A power struggle broke out inside the new People’s Government between moderates and Communists. At first, the Soviets were prepared to allow a nationalist government, even paying lip service to Chinese suzerainty, but that soon changed. Once again, the now-blind Bogd Khaan was head of state but was quickly undermined by Soviet-backed radicals who arrested and executed his 50-man bodyguard. Tacitly backed by the Soviets and a notorious Buriat Mongolian named Rinchino, Mongolia’s long years of “red terror” began. By the end of 1922, the moderate Prime Minister Bodoo, 15 of his ministers and many nobles were executed for allegedly conspiring to reinstate an autocratic government. Commander Suhbaatar, then aged only 30, dead mysteriously in February 1923.

Soviet advisors – including many Buriats from Siberia – took on an increasingly powerful role in running the government. At the same time, any hopes for a Greater Mongolia were dashed as the Soviets annexed Urianhai in the northwest, remaining it Tannu Tuva. Interestingly, the only concession was the Darhad (Darhat) region west of Lake Hovsgol home of Mongolia’s Reindeer People. (The status of Buriata east of Lake Baikal was not even discussed and Inner Mongolia remained under Japanese hegemony.)

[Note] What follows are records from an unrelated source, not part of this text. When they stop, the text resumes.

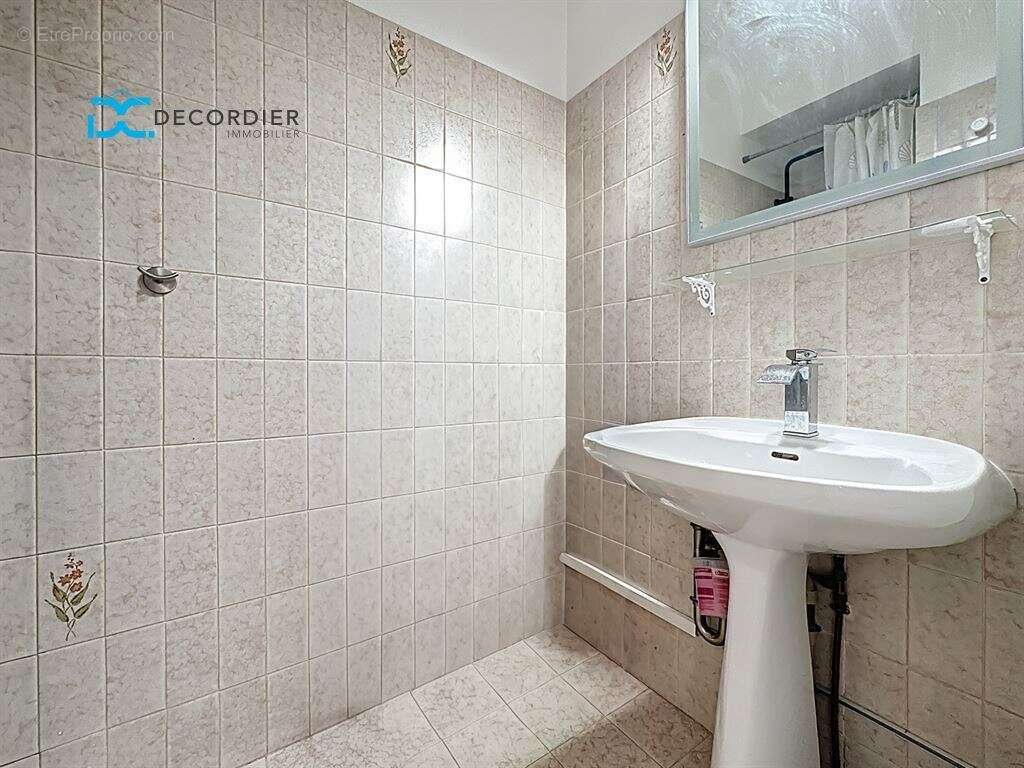 Appartement à EVIAN-LES-BAINS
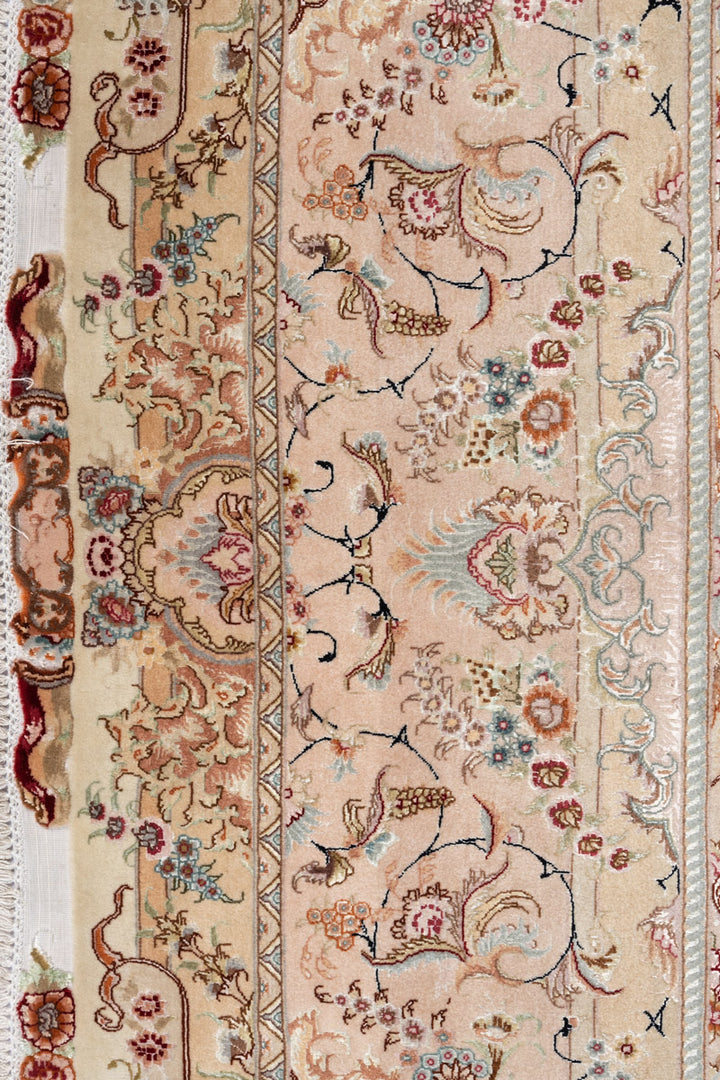 LACE 2 Tabriz 415x297cm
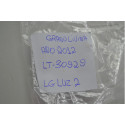 Luz Cortesia Interna Teto Nissan Livina 2011 Original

In May 1924, the Bogd Khaan died and orders were issued banning the reincarnation of a Javzandamba to lead Mongolian Buddhism. Following the signing of a Treaty of friendship, Mongolia on 26 November 1924 officially declared itself a Soviet-Style republic and became Moscow’s first “satellite state”. Outer Mongolia ceased to exist. One of the first acts of the new Mongolian People’s Republic was the execution of another prime minister, Danzan. The capital was renamed Ulaanbaatar, or Red Hero, after Suhbaatar. Mongolia’s 70-year-long “Communist Nightmare” was under way.